Pop quiz: A customer lost power to one of their FAS controllers that is in an active/active pair, and with that, the LUNs attached to thier Hyper-V server went away. The envronment is such that nothing was lost and we are able to troubleshoot the situation on why it happend. That said, I preformed a cf takeover (then cf giveback) to see if the same thing happend on a graceful hand-off. The results were as one would expect when things are setup properly, the LUN remained online and visible to the server through the activity.

So my question, why on a dirty shut-down did they lose connectivity to thier LUN? I am going to be troubleshooting onsite tomorrow so any suggestion would be welcome.

radek_kubka · ‎2011-10-25

Hi,

Nice one - I like it!

So, let's start with this question: is it a relatively modern version of ONTAP, or an ancient one?

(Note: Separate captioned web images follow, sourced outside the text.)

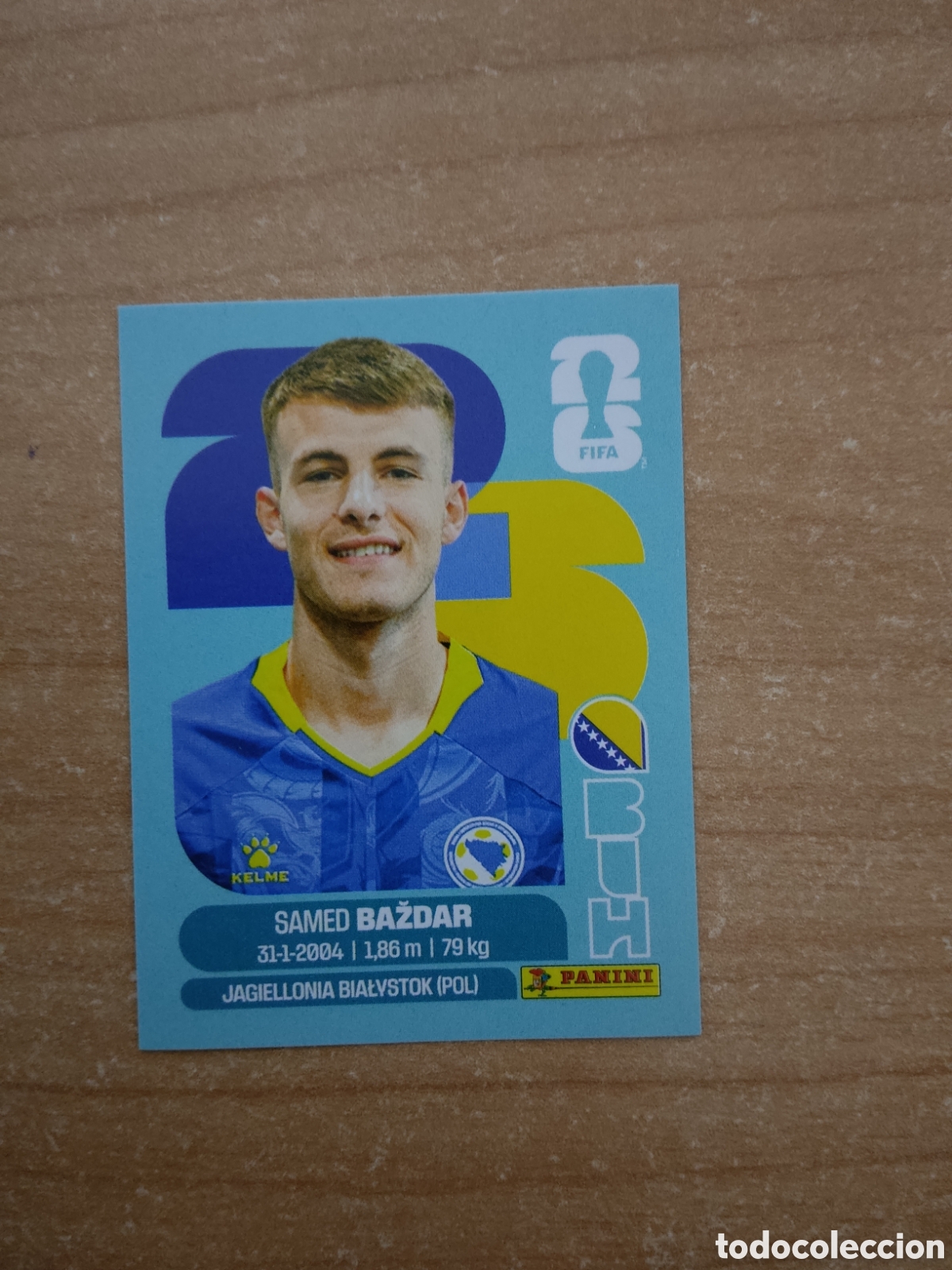 Cromos de f&uacute;tbol: 19 SAMED BAZDAR BOSNIA Y HERZEGOVINA FIFA WORLD CUP 2026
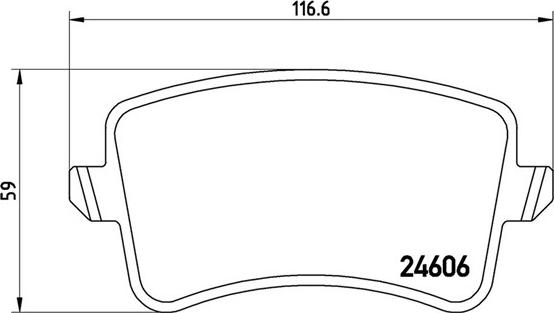 Magneti Marelli 363700585099 - Комплект спирачно феродо, дискови спирачки vvparts.bg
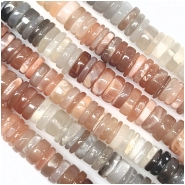 Moonstone Heishi Gemstone Beads (N) Approximate size 7mm 16 inches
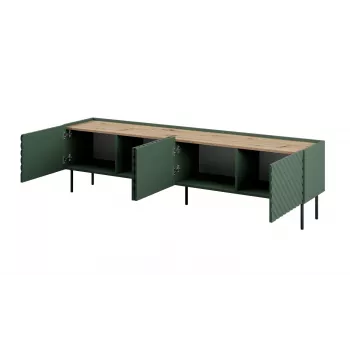 4D RTV spintelė ONDA 200x40xH54.35 žalias (pastatoma arba montuojama ant sienos)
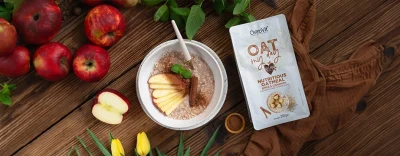 OstroVit Oat My Day 200g Õun-Kaneeli – maitsev ja tervislik kaerahelbepuder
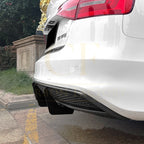 PSM Style Gloss Black Rear Diffuser for Audi B8.5 A4 S Line 13-15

Is FCP run in a single_image mode? If that's the case, then this simply should not happen - controller failure is an equivalent of path failover (if everything is set properly).

Regrads,

Radek

chalupskys · ‎2011-10-25

Radek,

Let's just say, they were "testing a theory!" 🙂

So the FAS' are running 8.0.2 7-mode. It was my understanding that single_image was the default mode of 8.x+. I'll double check tomorrow. As for the protocol, it is iSCSI over 10GbE.

Regards,

Steve

radek_kubka · ‎2011-10-25

Me bad - I automatically assumed LUN equals FCP!

Single_image cfmode is FCP specific & irrelevant for iSCSI (and it's actually default since 7.2).

What are disk timeouts on the hosts? Unplanned takeover will presumably take longer than a clean one - this may explain the difference in observed behaviour.

aborzenkov · ‎2011-11-06

As this is iSCSI and there was power outage - any chance that switch which provided LUN connectivity was powered off as well?

pascalduk · ‎2011-10-25

You did not mention if a cluster failover took place because of the power outage. Did you only loose the controller or also disk shelves during the power outage?

chalupskys · ‎2011-10-26

@Radek, I'll have to check the timeout settings.

@Pascal, a failover did take place. A controller power outtage was all that occurred. The shelves stayed powered and disk multipathis set up properly.

wes_beckum · ‎2011-11-04

My guess would be that the LUN lost it's mapping when it lost power. Just a guess

Wes

rorzmcgauze · ‎2011-11-14

What else did they do during the outage?

Its seems strange I'll give you that. Was Iscsi licenced on both controllers, and patched correctly? Did they test CFO during initial setup of this HyperV environment? do they have the ontap DSM installed and snapdrive? how many luns and how many hyperV hosts are involved?

Did you grab the logs and ASUPs from this event? did they help trouble shoot this?